携帯音楽プレイヤーやスマートフォンに音楽コンテンツをダウンロードしたり、音楽ストリーミングサービスを利用したりと、近年、音楽をモノとして楽しむ機会は大幅に減ってきました。その一方で、盤面に刻まれた音を聴きながら、レコードレーベルやジャケットといったビジュアルも楽しめるレコードは、熱心な音楽マニアの間で根強い人気を保っています。そして、このほど、世界中に散在するレコードを集め、ユーザ同士でシェアできる、世界でも珍しい図書館が開設されました。

2013年7月1日、英ロンドンで、レコードのための私立図書館「The Vinyl Library(ザ・ビニール・ライブラリー)」がオープン。ソフィー・オースティン(Sophie Austin)さんとエリー・レンダル(Elly Rendall)さんという地元ロンドンのDJコンビが創設したこのユニークな図書館は、英国内外からレコードの寄付を募り、会員に貸し出す仕組みとなっています。ちなみに、オープンからわずか3週間で5,000枚以上のレコードが寄せられ、中には、ハンガリーから届いたものもあるそうです。

「The Vinyl Library」は、レコードの貸し出しスペースとしてのみならず、音楽ファンが気軽に集まり、自らの音楽にまつわる思い出や経験を語り合える"たまり場"としての役割も担おうとしています。
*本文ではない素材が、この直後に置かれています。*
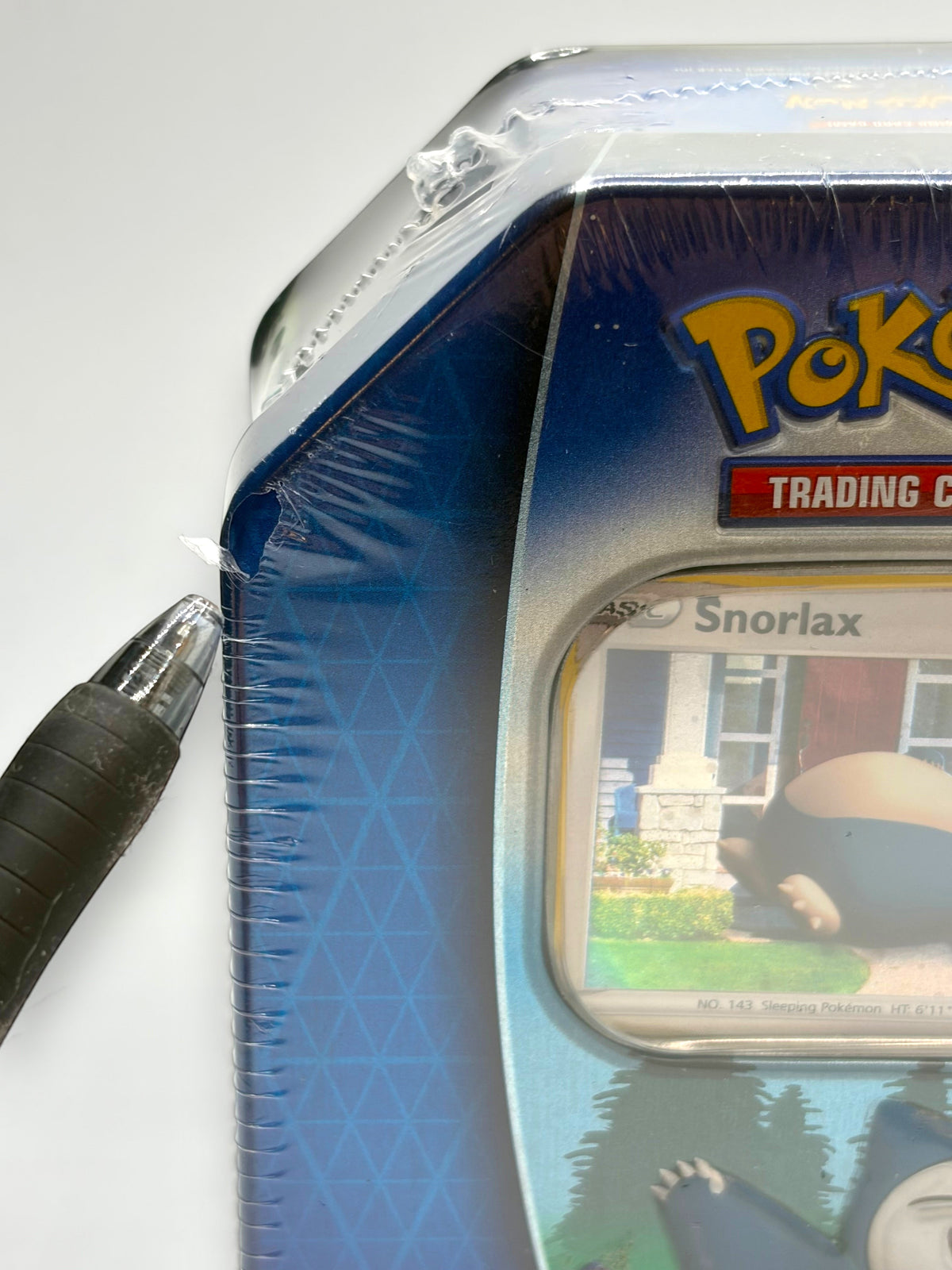 Lowkey Stock sealed Pokemon GO Snorlax thin tin featuring a Snorlax card display and blue metallic packaging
そのための具体的なきっかけとして、DJレッスンや音楽ドキュメンタリー映画の上映会など、音楽にまつわるイベントも随時開催する予定です。

長年、多くの家庭で眠ったままのレコードを一カ所に集約させ、この貴重な"音楽遺産"を有効活用するとともに、レコードという共通のテーマを介して多様な人々がつながる場づくりを目指す「The Vinyl Library」の取り組みは、他のニッチなジャンルでも応用できる事例といえるでしょう。